Summarizing, respondent may be examined through the captain or the master of the vessel but it may ignore that part of both notices requiring the production of respondent’s books and documents. The examination shall be held on or before February 9, 1960 and the notice in each case should be modified in accordance with this opinion. The Court will fix the time and place of the examination if counsel cannot agree. Settle order on notice.

. Bank Line v. United States, 2 Cir., 1947, 163 F.2d 133, 138; Warren v. United States, D.C.S.D.N.Y.1955, 17 F.R.D. 389; Fay v. United States, D.C.E.D.N.Y.1958, 22 F.R.D. 28; Sutherland v. United States, D.C.E.D.N.Y.1959, 23 F.R.D. 247.

. United States v. Gahagan Dredging Corp., D.C.S.D.N.Y.1958, 24 F.R.D. 328, 1959 A.M.C. 1589; Park & Tilford Distillers Corp. v. Distillers Company, Ltd., D.C.S.D.N.Y.1956, 19 F.R.D. 169; Williams v. Lehigh Valley Railroad Company, D.C.S.D.N.Y.1956, 19 F.R.D. 285.

. Fay v. United States, supra; Mattingly v. Boston Woven Hose & Rubber Co., D.C.S.D.N.Y.1952, 12 F.R.D. 266; Naylor v. Isthmian S.S. Co., 2 Cir., 1951, 187 F.2d 538, 540; Aston v. American Export Lines, D.C.S.D.N.Y.1951, 11 F.R.D. 442.

. Campbell v. General Motors Corp., D.C.S.D.N.Y.1952, 13 F.R.D. 331, 332.

. Krauss v. Erie R. Co., D.C.S.D.N.Y.1954, 16 F.R.D. 126; Rubin v. General Tire & Rubber Co., D.C.S.D.N.Y.1955, 18 F.R.D. 51, 56; Klop v. United Fruit Company, D.C.S.D.N.Y.1955, 18 F.R.D. 310, 312; United States v.

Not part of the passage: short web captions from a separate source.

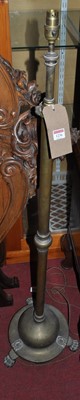 Lot 1236 - An Edwardian brass telescopic standard lamp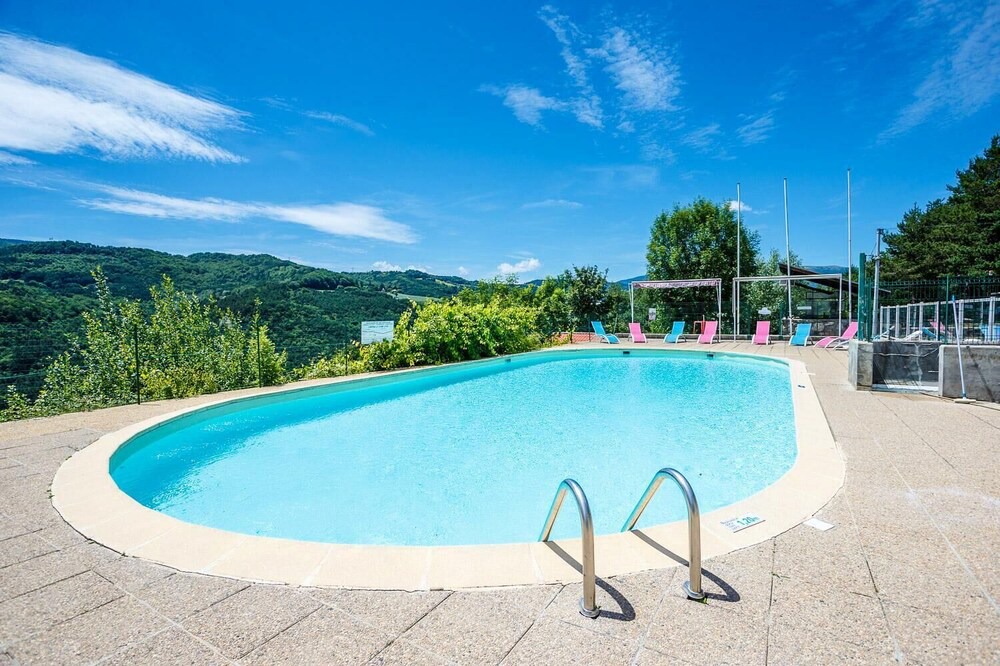 Photo of Outdoor in La Salle-en-Beaumont
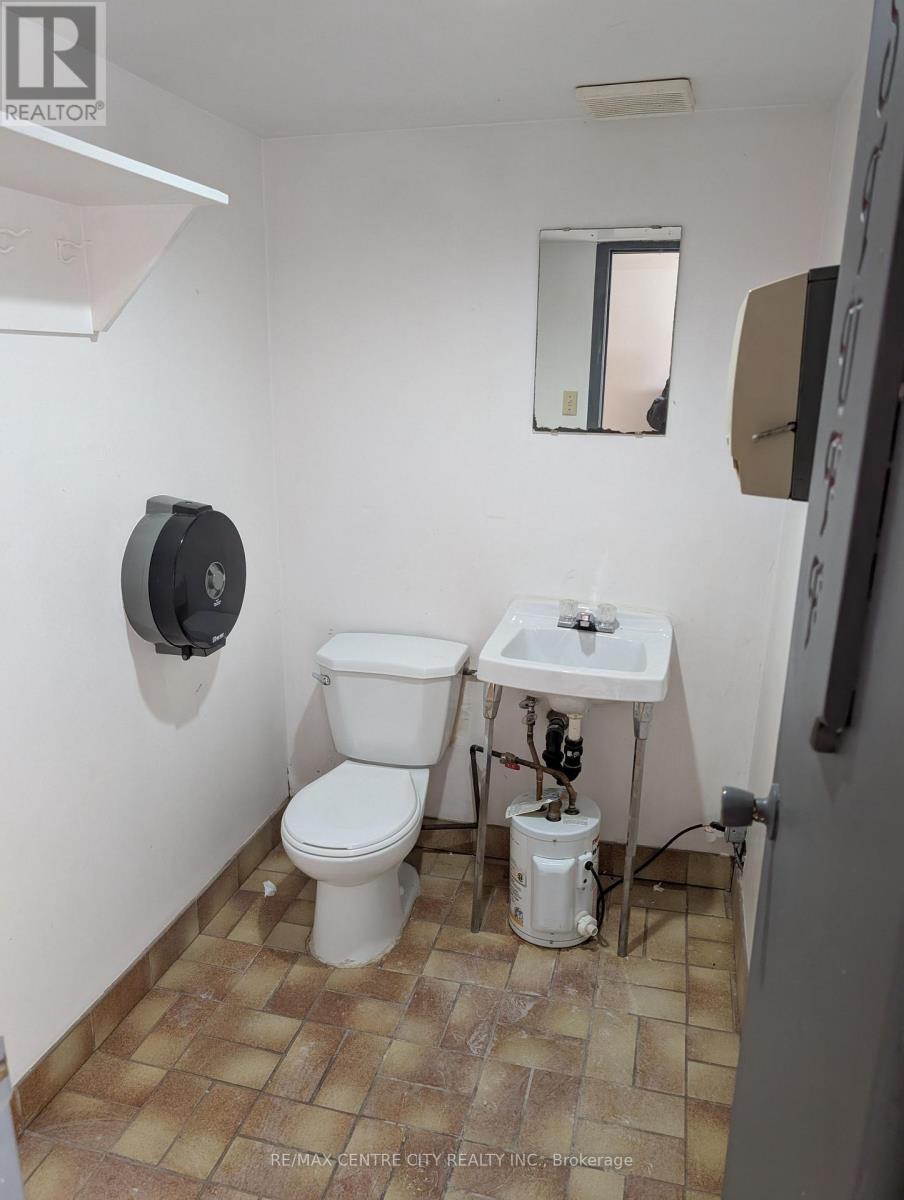 LOWER LEVEL – 1544 DUNDAS STREET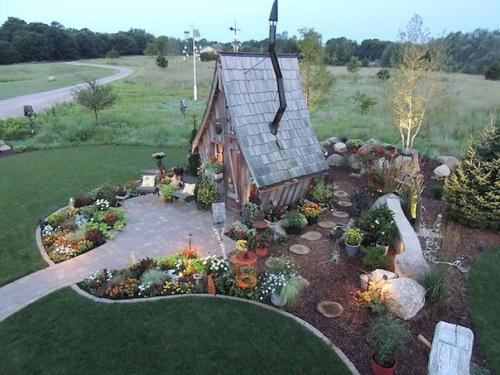 Сказочные избушки дэна поли.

The Dorothy McAllister, D.C.S.D.N.Y.1959, 24 F.R.D. 316, 318.

. United States v. The Dorothy McAllister, supra; Fay v. United States, supra; Duncan v. United States, D.C.S.D.N.Y.1954, 16 F.R.D. 568; Aston v. American Export Lines, supra; Naylor v. Isthmian S.S. Co., supra.

. Rubin v. General Tire & Rubber Co., supra; United States v. The Dorothy McAllister, supra.

. Smith v. Bentley, D.C.S.D.N.Y.1949, 9 F.R.D. 489; Society of Independent Motion Picture Producers v. United Detroit Theatres Corp., D.C.Mich.1948, 8 F.R.D. 453.

. 4 Moore’s Federal Practice, 2d Ed., p. 1053, par. 26.10.

. A similar amendment to § 296 of the New York Civil Practice Act was required with respect to the production of books and documents upon notice to a party. See, New York C.P.A. § 296 and Twenty-First New York Judicial Council Report (1955) pp. 163-167; cf. Ritzwoller v. Lurie, 1923, 204 App.Div. 768, 198 N.Y.S. 754.

. Bank of America, etc. v. Loew’s Intern. Corp., D.C.S.D.N.Y.1956, 18 F.R.D. 491; see, Chemical Specialties Co., Inc. v. Ciba Pharmaceutical Products, Inc., D.C.N.J. 1950, 10 F.R.D. 500, 502.